The subdivision on Amauulu Road would involve 49 lots, with 30 single-family homes consisting of at least 10,000 square-foot lots and 19 residential-agricultural properties of 1 to 2 acres in size, according to Hawaii County Planning Department records.

The mostly vacant land currently is zoned agricultural and open, with some of it currently in production for sweet potato.

Landowner Edmund C. Olson Trust is seeking a change of zone to family agricultural and single-family residential. It also requires a state land use boundary amendment from agriculture to urban for about 15 acres.

The Windward Planning Commission will consider the request April 4 at the county’s Aupuni Center Conference Room in Hilo.

Founder Ed Olson said the plan is to sell the property to someone who can develop the land, located mauka of Clem Akina Park.

“We’d like to sell it in bulk,” he said.

The trust owns 1,500 acres in the area, with much of it in production for macadamia nut and fruit trees.

Olson said there aren’t any plans to sell or develop the rest of the acreage.

The trust previously proposed subdividing the land into 27 1-acre farm lots to provide a transition to the larger mauka agricultural properties nearby.

The Planning Department encouraged the landowner to create smaller lots because of the area’s low-density urban designation in the county’s general plan and that the area is seen as being ripe for infill, according to a letter from the applicant’s consultant.

According to planning records, the site is part of a 288-acre area that was once proposed for an 800-lot residential development that included a community center and school.

Then owner and applicant C. Brewer Homes Inc. sold the property to David and Dores Greer in 1999. The Greers developed the mauka portion into large farm lots.
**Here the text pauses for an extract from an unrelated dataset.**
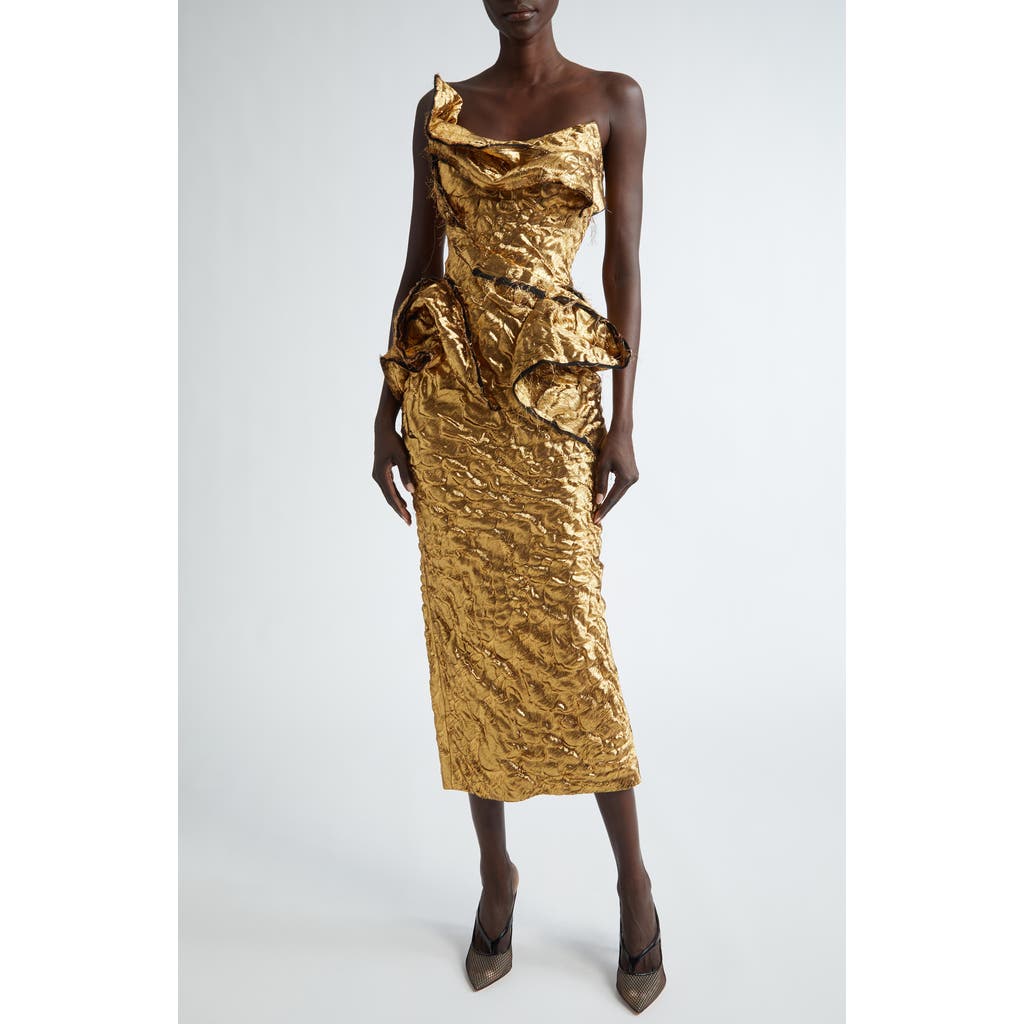 Jason Wu Collection Sculpted Metallic Jacquard Strapless Cocktail Dress in Burnished Gold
The Olson trust, which later acquired the property, owns coffee, fruit tree and macadamia nut farms around Hawaii Island. In total, it owns about 10,000 acres on the island, Olson said.
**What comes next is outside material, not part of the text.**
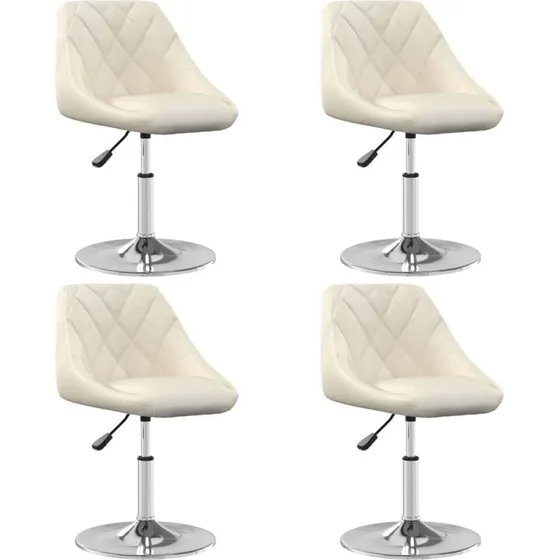 Drejelige spisebordsstole 4 stk. fløjl creme (360°)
The development would appear to be adjacent to a plantation camp cemetery that was partially damaged by heavy machinery in 2016.

When asked if any fines were issued, a state Department of Land and Natural Resources spokesman said in an email that DLNR remains in contact with the trust’s attorney regarding the matter.

Sidney Fuke, the trust’s consultant, wrote to Planning in January that a burial treatment plan was completed for the cemetery, but it can’t be submitted until an archaeological inventory survey is accepted. He said it is his understanding that state Historic Preservation Division wants the “alleged violation” to be addressed first.